Módulo 12: Aerodinâmica, Estruturas e Sistemas de Helicópteros
1. Visão Geral do Módulo
Este módulo fornece o conhecimento fundamental necessário para o pessoal de certificação que trabalha em helicópteros. Abrange os princípios do voo de helicópteros, o design e a função das principais estruturas e sistemas da fuselagem, e as práticas específicas de manutenção associadas a aeronaves de asas rotativas. O programa foi concebido para garantir que o técnico compreenda não apenas como executar uma tarefa, mas porquê ela é executada, com forte ênfase na segurança, aeronavegabilidade e conformidade com dados aprovados. O conteúdo está alinhado com o programa do Apêndice I da EASA Part-66 e os seus níveis de conhecimento associados, que variam de uma visão geral (Nível 1) a uma compreensão teórica detalhada (Nível 3).
Este módulo é fundamental para a licença B1.4 (Helicóptero com Motor a Pistão), focando nos aspetos únicos do design de helicópteros que diferem das aeronaves de asa fixa, tais como sistemas de rotores, transmissão e mecânica de controlo de voo.
2. Conceitos-Chave e Teoria Detalhada
2.1 Aerodinâmica e Estruturas de Helicópteros (Programa 12.1, 12.2)

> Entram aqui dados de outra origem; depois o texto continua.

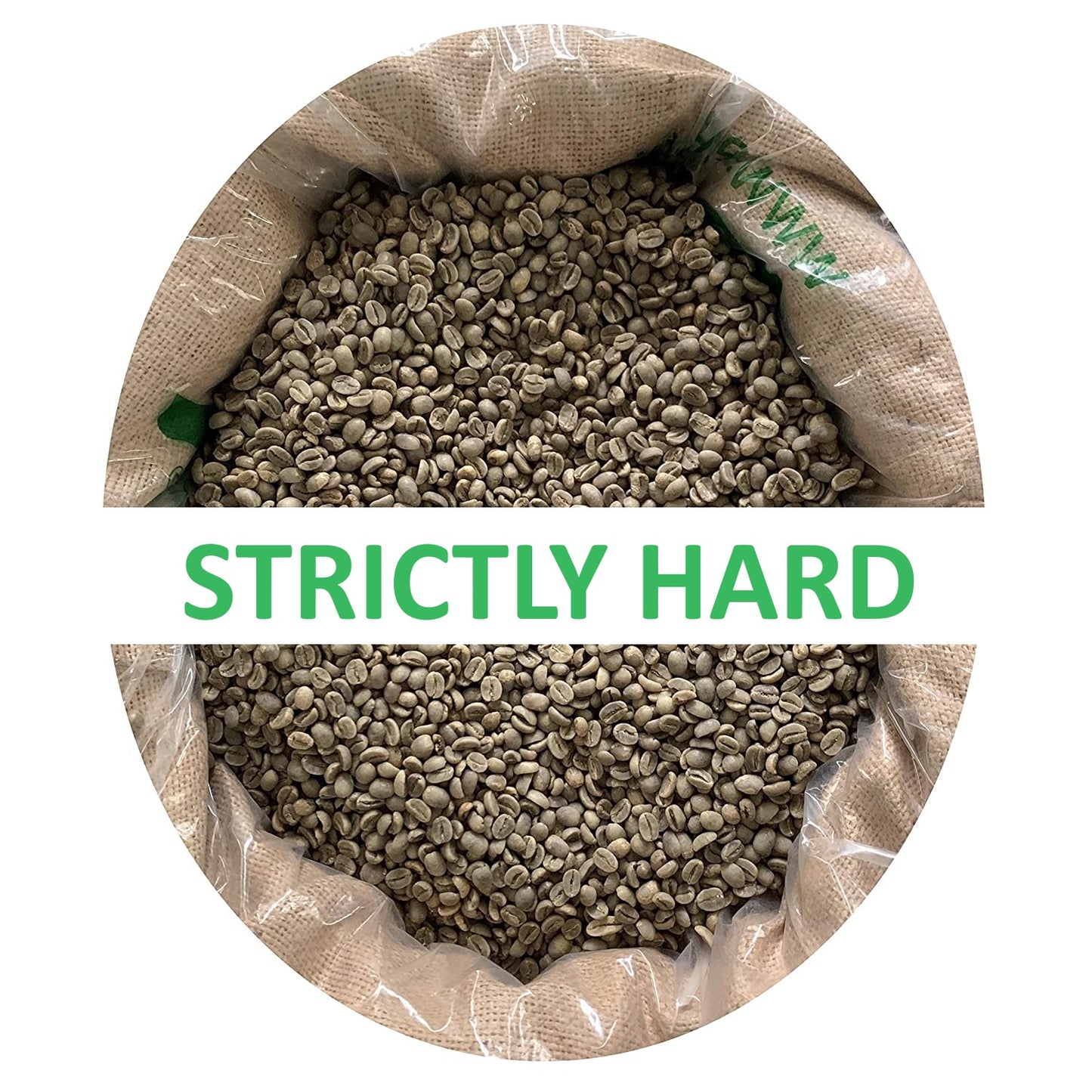Strictly Hard Unroasted Coffee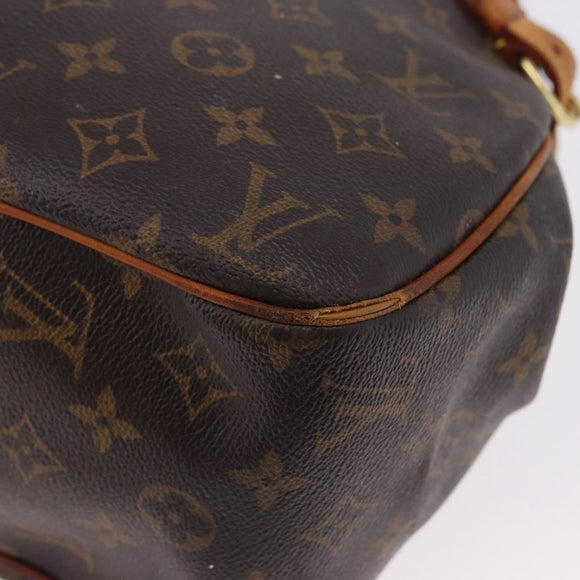 LOUIS VUITTON Monogram Batignolles Horizontal Tote Bag M51154 LV Auth 195733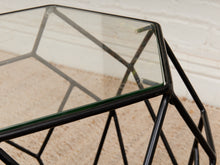 Load image into Gallery viewer, Geometric Side Table
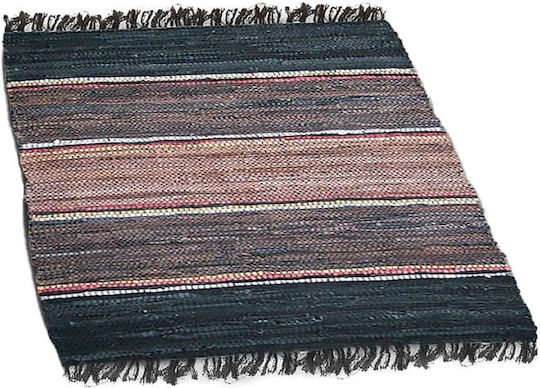 San Lorentzo 1376A Covor De exterior Pentru șemineu Rectangular Piele cu franjuri 04 Embrion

Sistemas de Rotores: O rotor principal é a principal fonte de sustentação e impulso. Existem três tipos principais de sistemas de rotores, cada um com características mecânicas distintas e implicações de manutenção.
Sistema de Rotor Totalmente Articulado: Este sistema tem três ou mais pás, cada uma fixada ao cubo do rotor através de três articulações:
Articulação de Batimento (Flapping): Permite que a pá se mova para cima e para baixo (num plano vertical). Isto é essencial para compensar a assimetria de sustentação no voo para a frente.
Articulação de Avanço-Atraso (Lead-Lag/Drag): Permite que a pá se mova para a frente e para trás no plano de rotação. Este movimento acomoda o efeito de Coriolis, que é a tendência de um corpo em rotação de acelerar ou desacelerar à medida que bate, e variações na resistência aerodinâmica. Os amortecedores de avanço-atraso são componentes críticos que controlam este movimento, prevenindo oscilações destrutivas e ressonância no solo.
Articulação de Passo (Feathering/Pitch Change): Permite que a pá rode sobre o seu eixo longitudinal para alterar o ângulo de passo da pá.
Sistema de Rotor Semi-Rígido (Balançante/Teetering): Este sistema tem tipicamente duas pás rigidamente fixadas a um cubo central. O cubo é fixado ao mastro através de uma única articulação de balanço, permitindo que todo o rotor bata como um balancé. Quando uma pá bate para cima, a outra bate para baixo numa quantidade igual. Este design equaliza a sustentação e evita que grandes momentos de flexão sejam transmitidos ao mastro. Os batentes de repouso (droop stops) limitam o movimento descendente das pás quando o rotor está em repouso ou a baixas rotações (RPM).
Sistema de Rotor Rígido: Neste sistema, as pás são rigidamente fixadas ao cubo sem articulações de batimento ou avanço-atraso. As próprias pás são concebidas para flexionar de modo a acomodar as forças aerodinâmicas. Este sistema oferece melhor resposta de controlo e manobrabilidade, mas é mais complexo de projetar e manter.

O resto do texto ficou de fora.